Correspondences


First, we’d like to tell you about the stories contained in Greenman’s new collection, largely because once we get started on the packaging, we might never stop. As the title suggests, the book is largely concerned with characters working out their issues long-distance. In “Life Begins in Benighted Nonexistence and Hey! It Goes From There,” French army captain Claude-Etienne Minié—who invented the bullet known as the minié ball during an 1847 African campaign—writes his annual letter to his daughter. In it, he tells of the bullet’s provenance and gently speaks of his admiration for a fellow officer and how the officer’s deathbed cries for an ex-lover informed Minié’s choice of his daughter’s name. In another story, the owner of a “karmic boomerang” shop who has converted it into a self-help academy cannot overcome the sadness over his first love’s marriage to another man.

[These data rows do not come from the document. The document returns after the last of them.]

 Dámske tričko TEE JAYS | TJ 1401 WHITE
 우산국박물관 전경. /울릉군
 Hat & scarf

In the past, we’ve found Greenman’s fiction coolly funny—self-consciously humorous in a way that accidentally drains some of the heart from his stories. Which is not to say they weren’t enjoyable, just that they never hit home the way we wished they would. Turns out, the easy fix is to letterpress them onto fine paper, crease the sheets like accordions and slip them into a beautifully designed, unfurling cardboard box (which also has a story printed along its various flaps). Something about the tactile, interactive nature of Correspondences immediately sparks that connection we’d missed in his previous work. The story printed on the box, “What He’s Poised to Do,” features a man caught in a tidal conflict in his marriage, unable to decide whether to return to his wife. We crawl deeper inside the box as the story continues, and the peeling away of the metaphorical layers in the story becomes literal.

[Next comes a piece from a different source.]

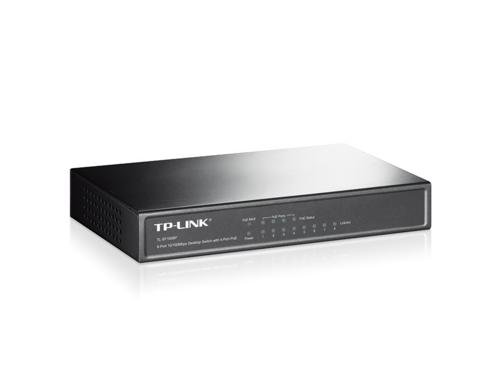 TP-LINK 8-port 10/100 PoE Switch Unmanaged network switch Power over Ethernet (PoE) Zwart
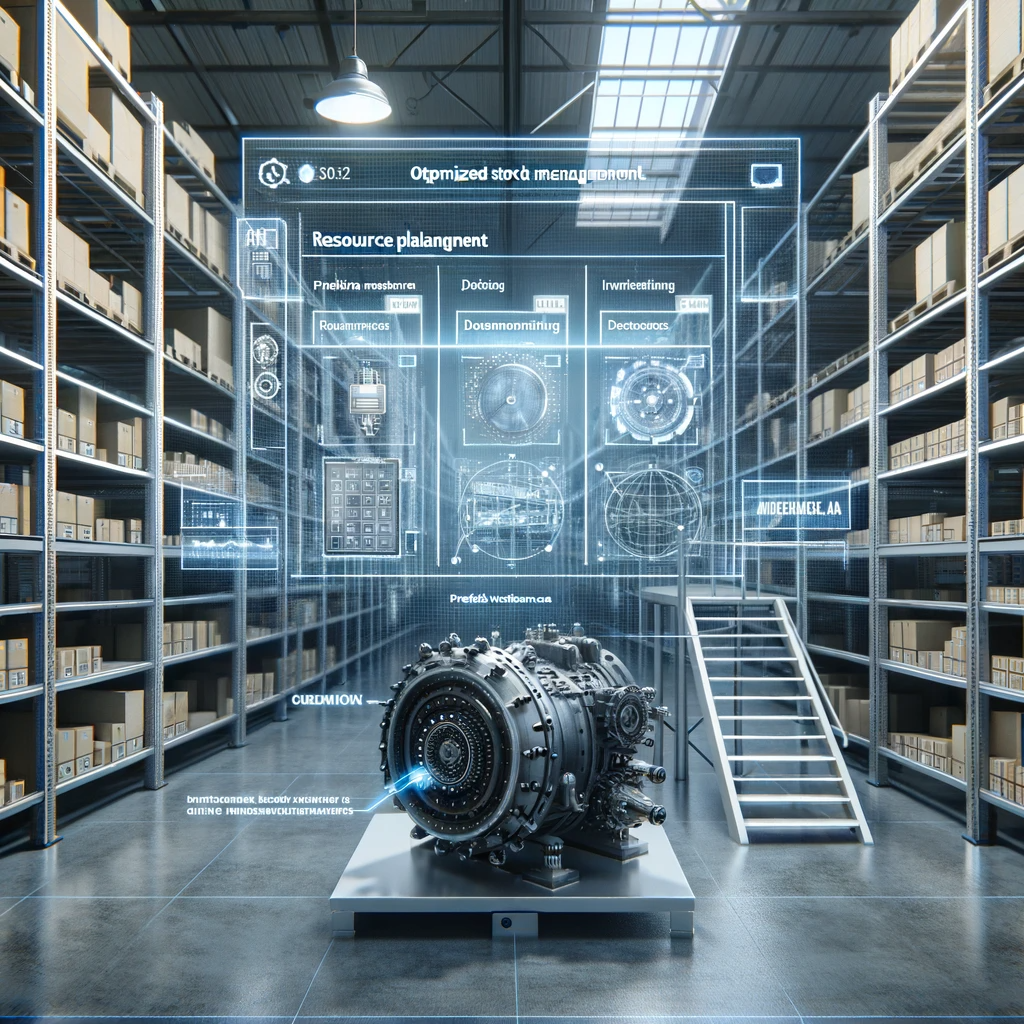 Gestion des Stocks et Planification des Ressources en Maintenance Prédictive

To further lure the reader in, Greenman marked off several moments in the story when the protagonist writes a postcard home to his wife. Readers are invited to actually write the postcard they imagine the man writing, and send it to Greenman for possible inclusion in a later version of the story. Remarkably, everything ties together organically, rather than reading as a gimmick. As an object, Correspondences is a genius invention. But as a book, it works just as well.